The world’s climate scientists recently warned that the predicted impacts of global warming are happening faster and more strongly than previously expected.
Tumbling weather records around the world do indeed show climate change accelerating. It’s not even mid-May but we already have a record heatwave in western Europe and north Africa, with April temperatures in Spain, Portugal, Morocco and Algeria reaching those expected only in July and August.
In Alberta in Canada, there are 108 wildfires burning across 122,000 hectares of land. Countries across South East Asia are feeling record heat, including the hottest days ever in Laos, Thailand and Vietnam, all near the mid-40s Celsius.
The amount of sea ice around Antarctica is at a record low – breaking a record only set last year. The long-running drought in eastern Africa continues to affect 20 million people in Kenya, Ethiopia, Somalia, Uganda and South Sudan, with more than 2.2 million displaced in Somalia and Ethiopia. Climate change has made the drought worse and also more likely to occur in the first place.
With 100,000 glaciers expected to disappear this century, a ghoulish new form of disaster tourism has come about, with people trekking to see the last of the permanent snow on high peaks. Last year there was the October heatwave in China, with some temperatures more than 20C higher than normal, and the massive summer floods in Pakistan, estimated to have cost more than $30 billion and affected 33 million people.
And things are going to get worse as the regional warming phenomenon known as El Niño gets going. This periodic warming of the waters of the Pacific affects the weather all over the world and is likely to last for several years. It disrupts global weather patterns, leading to more intense storms in some places and droughts in others. One of its biggest impacts is the failure of monsoon rains, leading to disastrous crop failures. The exceptionally strong El Niño of 1876-8 may have caused famines which killed more than 50 million people in Asia, Africa and South America.
The surface of the sea is already hotter than in the record-breaking ‘Super El Niño’ of 2016. Because of this, 2023 could well turn out to be the warmest year ever, beating, you guessed it, 2016. In Indonesia, there are fears of the return of the killer haze of 2016, which saw 100,000 premature deaths across the country, driven by the extra heat and lack of rain resulting from El Niño.

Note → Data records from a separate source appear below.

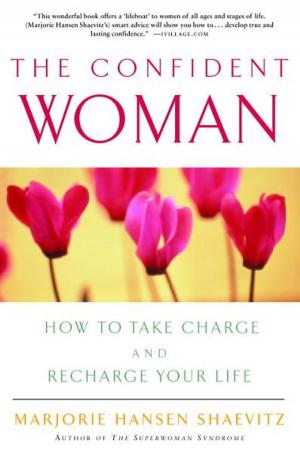 Cover of the book The Confident Woman by Mel Wayne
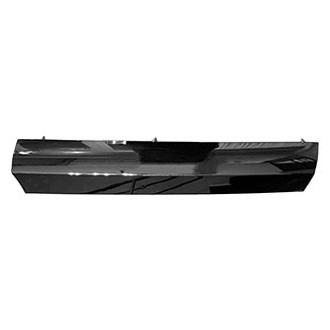 Replace® - Upper Passenger Side Grille Molding (Standard Line)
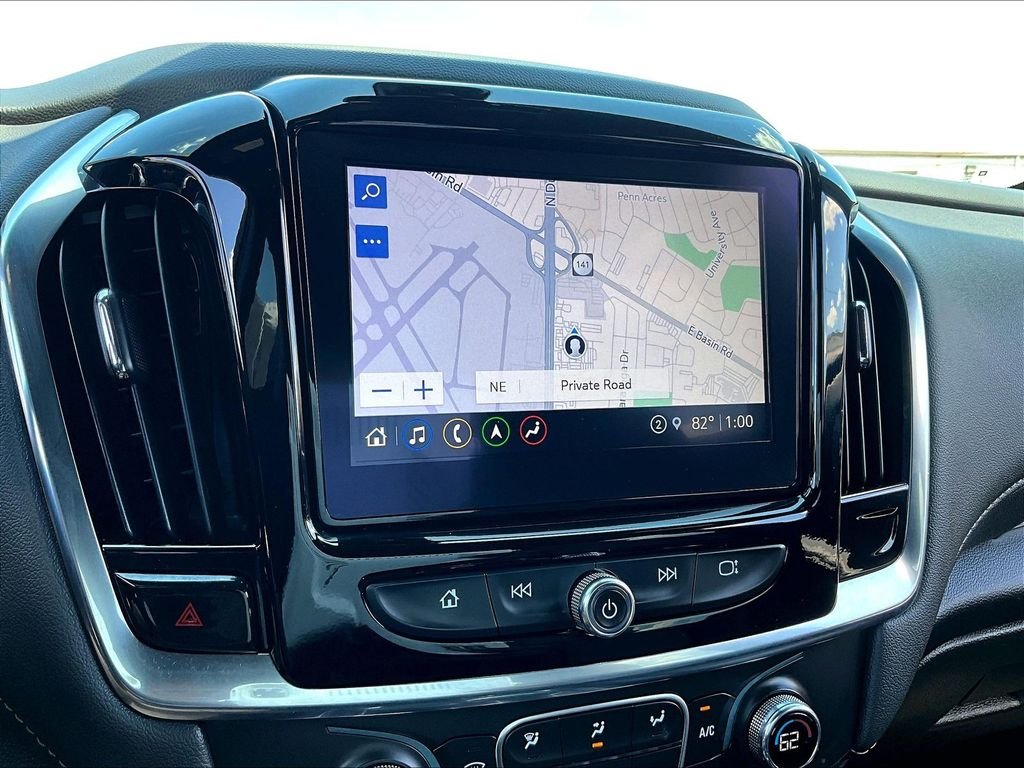 Used 2023 Black Chevrolet LT Leather image 20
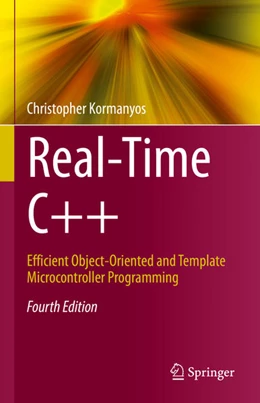 Abbildung von Kormanyos | Real-Time C++ | 4. Auflage | 2021 | beck-shop.de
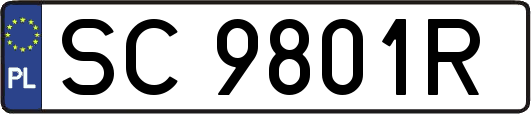 SC9801R
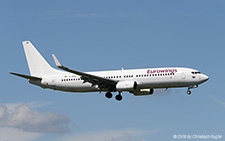 Boeing 737-86J | D-ABBD | Eurowings | Z&UUML;RICH (LSZH/ZRH) 31.05.2019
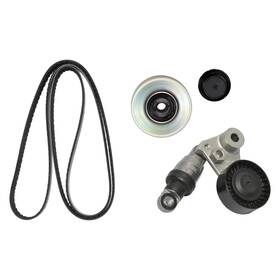 Continental Contitech K49456 For Hyundai Sonata 06-10 Accessory Drive Belt Kit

The picture in Scotland is more moderate, although February was the second warmest February ever recorded and we might be on track to have our sixth warmest year ever. Here in north-west Europe were are cushioned from the biggest temperature rises because the warming waters of the Gulf Stream are weakening. The Irish government has just been warned to expect cooler times because of this. The disruption from El Niño may also mean colder winters for a few years for the UK.
Because one impact of climate change is cancelling out another impact, Scotland is currently among the places least affected anywhere in the world. But the global message as weather records tumble around the world is clear – climate change is out of control, and every country must do more to reduce climate emissions.